The Cloud Goes Massive
In the same way that mobile phones are given away as part of a network contract we see computers being given away as part of Internet contracts for what use is a computer without a network these days? With the Economic problems people will be choosing between computing (local compute power and applications) and networking – cloud computing is there at the right time to offer a solution with free (or relatively cheap) cloud services with free (or relatively cheap) local computing. Network effects will expend the cloud – as more people use it the more useful it becomes and the more people use it. Microsoft’s development of their Cloud services (Live), Office and Windows 7 will all “legitimise” the cloud for mainstream users and expand the market further.
Many comment that in our on-line activities will leave little past, however it is certainly true that our recent past is better documented that ever before. You can access my twitter activity from this time last year here is my first tweet for example and you can see all my past blogs including my Predictions for 2008 to see how good, bad or ugly they were.
William Gibson’s quote “The Future is Already Here – It’s Just Not Evenly Distributed” is a powerful and practical idea for working out what is going to happen in the short term – extrapolate the current edge and current trends. Things usually get smaller, lighter, easier, cheaper and more functional and common place – computers and telephones are good examples of this. We must also beware of technological determinism – we have to consider the complex interaction of contextual factors (economy, culture etc) that can change the “trajectory” of any extrapolation.
Using my crystal ball to throw the light of the recent past into the near future – it all seems quite cloudy to me and everything I see is on-line. The big theme for the year will be on-line everything and as more go on line network effects will cause more to go on-line resulting in an explosive growth in on-line activity. Despite of (or maybe even due to) economic problems 2009 could be a significant year for the information age – when many 20th century physical industrial activities are moved on-line.
Let’s try to focus some of this.
The industrial processes of the 20th century to represent, distribute and consume information will continue to disappear – information is intangible anyway and so is ideal for on-line virtualisation.

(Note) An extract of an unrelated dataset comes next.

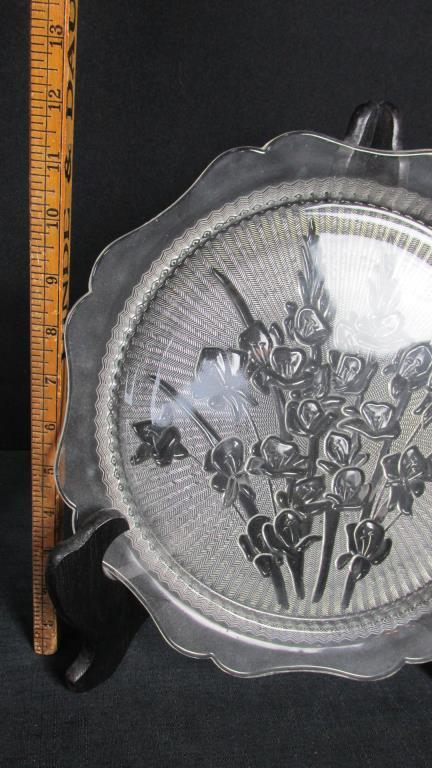 Crystal Candleholders & Vase With Glass Serving Plate - SR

Audio: Audio set the example of how information can move away from the physical the stories of Napster and iTunes are now history and the Nokia music service of 12 months unlimited free perpetual but protected downloads takes this model almost as far as it can go. With music content “infinitely” copy-able and accessible monetization has to move to an incidental model of distribution deals and sponsorship. The SeeqPod service indicates that on-line streaming/access could be a significant development. It will always be useful to have off-line copies of your favourite music but the advantages of streaming are there for everyone. For consumers there can be an “infinite” range to listen to on-demand without management – just search. For the industry on-line listens can be instrumented (pun intended) and monetised with “incidental” and direct marketing. There is of course better control – music can be published free at source (e.g. from Sony), with the publisher monetising through “incidental” services but also allowing 3rd party API and streaming access for downstream services. I like the concept of on-line downstream “radio stations” such as Blip.fm, Lastfm and Pandora. Indeed Pandora offers an excellent example of the benefits of the on-line model in driving further interest by what could be described as audio surfing.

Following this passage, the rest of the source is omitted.